The v3 sibling-repo benchmark (see dotnetpower/elastic-blast-azure, benchmark/strategies/db_prep.py + report §3-§4.1) demonstrated:

  1. Sharding a warmed BLAST DB across N volumes that map 1:1 onto N AKS nodes yields up to 11.8x speedup vs. the non-sharded baseline (E16s_v5 × 5 nodes scanning a 269 GB core_nt: 31-40 s vs. 533 s).
  2. The slow path is triggered by memory pressure: when the per-shard working set exceeds ~50 % of node RAM, BLAST starts evicting page cache and the scan time grows super-linearly.

So far our control plane allowed callers to opt into sharding via free-form db_partitions / db_partition_prefix INI fields. In practice no submit was ever sent with those fields populated, so the dashboard silently delivered the slow path even after the operator had run a warmup. We now make sharding the default for any warmed DB and only allow opt-out as an explicit boolean.

User-facing change

  • New top-bar pills elbacr01 / elbstg01 were removed from web/src/components/ConfigBar.tsx. The same identifiers are visible in the Settings drawer; the pills duplicated information without adding value.
  • The BLAST Databases modal row now shows a small inline Sharded · N layouts chip (variant A from the design review at web/public/db-shard-mockups.html) on every downloaded DB whose metadata.json carries sharded: true. The chip is rendered next to the existing v:NCBI… code chip on the meta line, uses the --accent color at 10 % surface, and surfaces the full preset list (Pre-built shard layouts: N = 1, 2, 3, 4, 5, 6, 8, 10. Auto-selected per submit based on cluster size & RAM.) via title=. Submit-form cluster preview ("Auto-pick N=X for current cluster") and the disable_sharding opt-out checkbox are scheduled in the next follow-up.
  • The BLAST submit form's Performance card now shows an Auto-shard · N=X preview chip below the existing checkboxes whenever the selected DB is sharded and a cluster is selected. The chip is computed by a new client-side helper web/src/utils/dbSharding.ts::selectPartitionsForSubmit, which mirrors the Python helper bit-for-bit so the SPA preview matches what the backend will pick. The chip is followed by a low-prominence Disable sharding (advanced …) checkbox; ticking it strikes through the preview and sends disable_sharding: true in the submit payload so generate_config skips the auto-injection.

API / IaC diff summary

api/services/db_sharding.py (new module, ~470 lines)

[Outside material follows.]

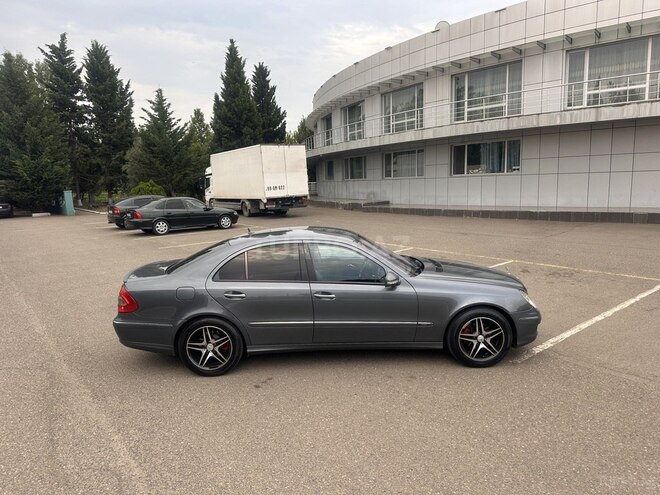 Mercedes E 220 d 2006, 284,556 km - 2.2 l - Bakı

Pure-Python helpers for the local-SSD shard layout consumed by the sibling repo's init-db-shard-aks.sh:

  • PRESET_SHARD_SETS = (1, 2, 3, 4, 5, 6, 8, 10) — covers E16 × {3..10} default cluster sizes.
  • MAX_SHARDS = 32, SAFE_SHARD_FRACTION_OF_NODE_RAM = 0.5.
  • list_db_volumes(...), derive_volumes_from_keys(...) — discover volume base names from blob storage or NCBI key listings, using .nsq/.psq as the marker (alias .nal/.pal is never treated as a volume — caught a bug in pre-merge critique).
  • plan_shard_layout(...) — contiguous-block volume assignment matching the sibling v3 algorithm.
  • render_manifest(...), render_nal(...) — text-only file generators matching the formats consumed by init-db-shard-aks.sh. No BLAST+ binary execution required (originally planned but discarded after reading the sibling init script).
  • upload_shard_set(...), ensure_shard_sets(...) — idempotent uploads to blast-db/{N}shards/{db}_shard_{NN}/ with content-equality skip.
  • select_partitions_for_submit(db_total_bytes, num_nodes, machine_type) — picks the smallest preset N that satisfies both the node-parallelism floor (N >= num_nodes) and the memory floor (N >= ceil(db_gib / (node_ram_gib * 0.5))).
  • partition_prefix_for(...) — builds the db-partition-prefix URL.

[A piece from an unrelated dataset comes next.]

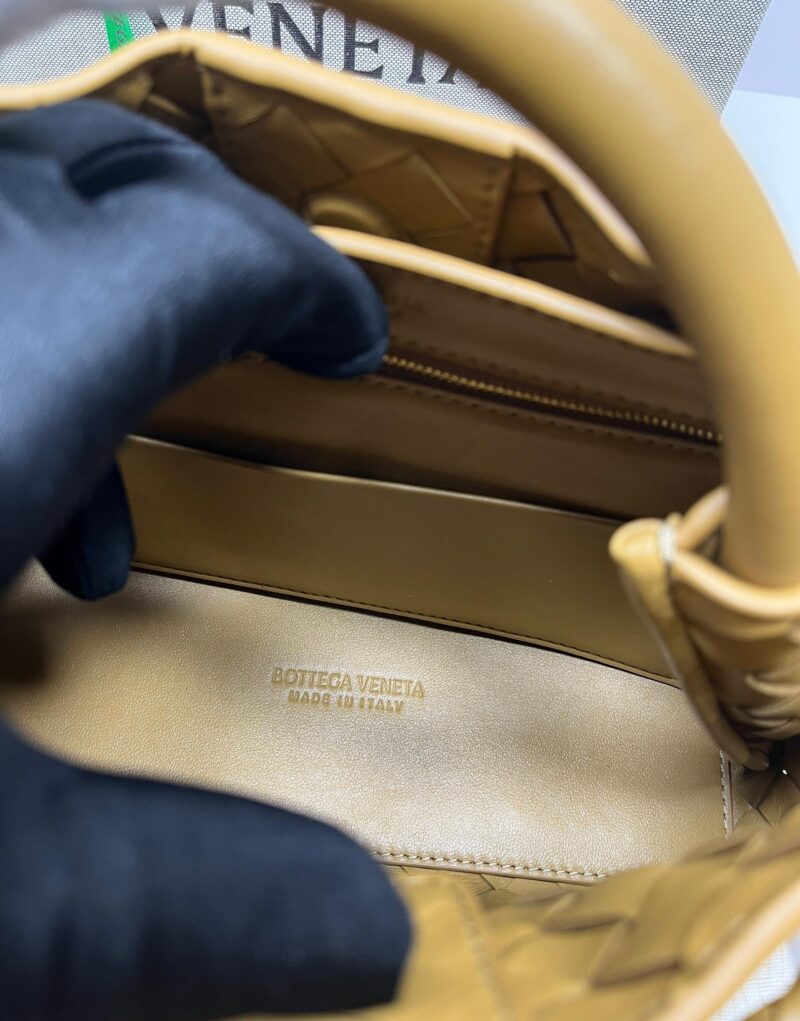 [True-to-ORIGINAL] Bottega Veneta Small Andiamo Yellow For Women 25cm/9.8in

Total storage cost per DB across all preset N: ~50 KB (alias-only metadata; the real volume data stays at blast-db/{db}/).

api/services/blast_config.py

generate_config() now auto-injects db-partitions and db-partition-prefix whenever all of the following hold:

  • The caller did not pass disable_sharding=True.
  • The caller did not pass db_partitions or db_partition_prefix explicitly (manual override always wins).
  • The route resolved DB metadata into params: db_sharded=True, db_total_bytes=<int>, db_name=<str>, storage_account=<str>.

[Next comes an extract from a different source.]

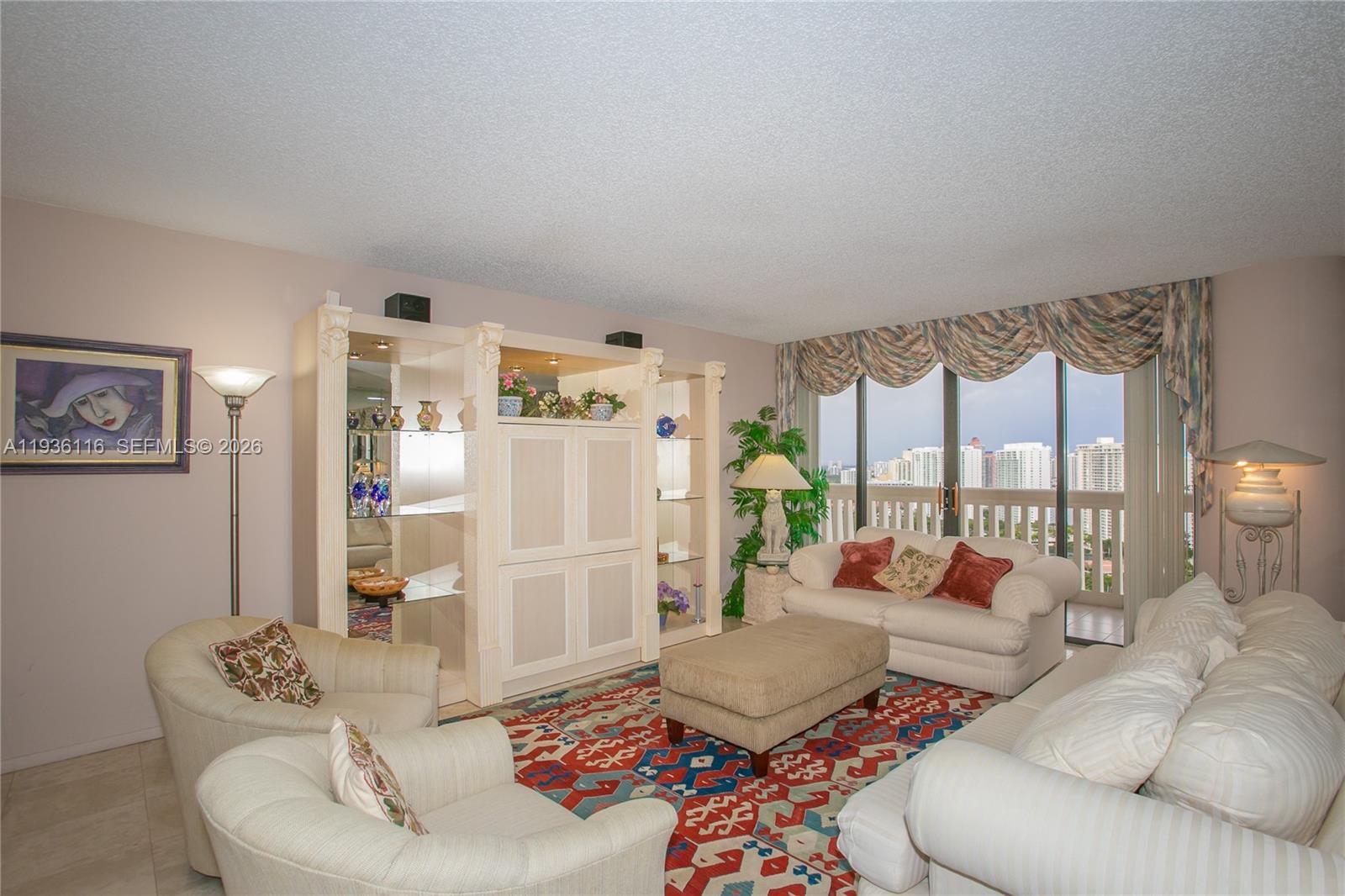 1000 W Island Blvd #2906, Aventura FL 33160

When auto-sharding fires, cluster.exp-use-local-ssd is forced to true because the alternative init script (init-db-partitioned-aks.sh) cannot consume our manifest+.nal layout.

api/services/storage_data.py

list_databases() propagates two new fields from each DB's {db}-metadata.json blob:

  • sharded: bool — defaults to False.
  • shard_sets: list[int] — sorted unique preset N values that have a complete alias set on storage. Defaults to [].

total_bytes from metadata.json now overrides the per-blob enumeration value when it is present and positive.

api/routes/storage.py (POST /api/blast/prepare-db)

After the NCBI key enumeration completes (and copies have been queued), the _do_copies() background thread also derives volume names via derive_volumes_from_keys() and uploads every preset shard set via upload_shard_set(). The shard text files reference volume names that may not be fully copied yet — that is fine because the AKS init script downloads the volumes lazily at job runtime.

The {db}-metadata.json blob now carries sharded: bool + shard_sets: list[int] based on which presets succeeded.

api/tasks/blast.py (auto-resolution wire-up)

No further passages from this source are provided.